▸ Your goal:
Where the line with "Отзыв от Руслан - DTV виза" appears below, start writing out lines exactly, and finish with the line with "хлопка, 210 г/м2", which is included; write out nothing else.

▸ Dataset records:

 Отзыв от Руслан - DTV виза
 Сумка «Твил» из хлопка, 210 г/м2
---
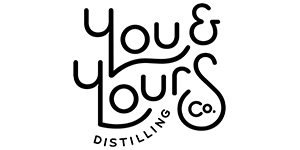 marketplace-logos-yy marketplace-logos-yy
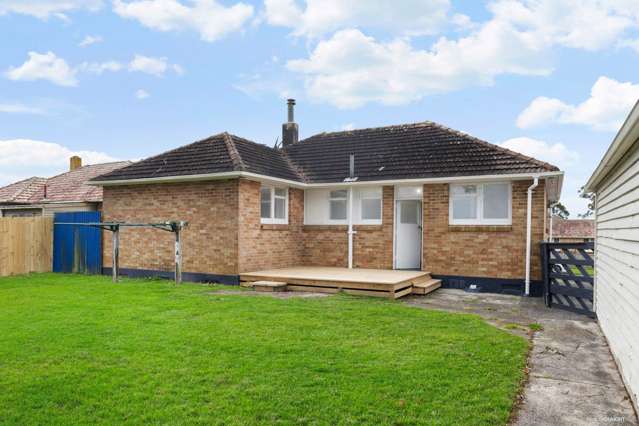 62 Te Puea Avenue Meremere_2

▸ Exercise answer:
 Отзыв от Руслан - DTV виза
 Сумка «Твил» из хлопка, 210 г/м2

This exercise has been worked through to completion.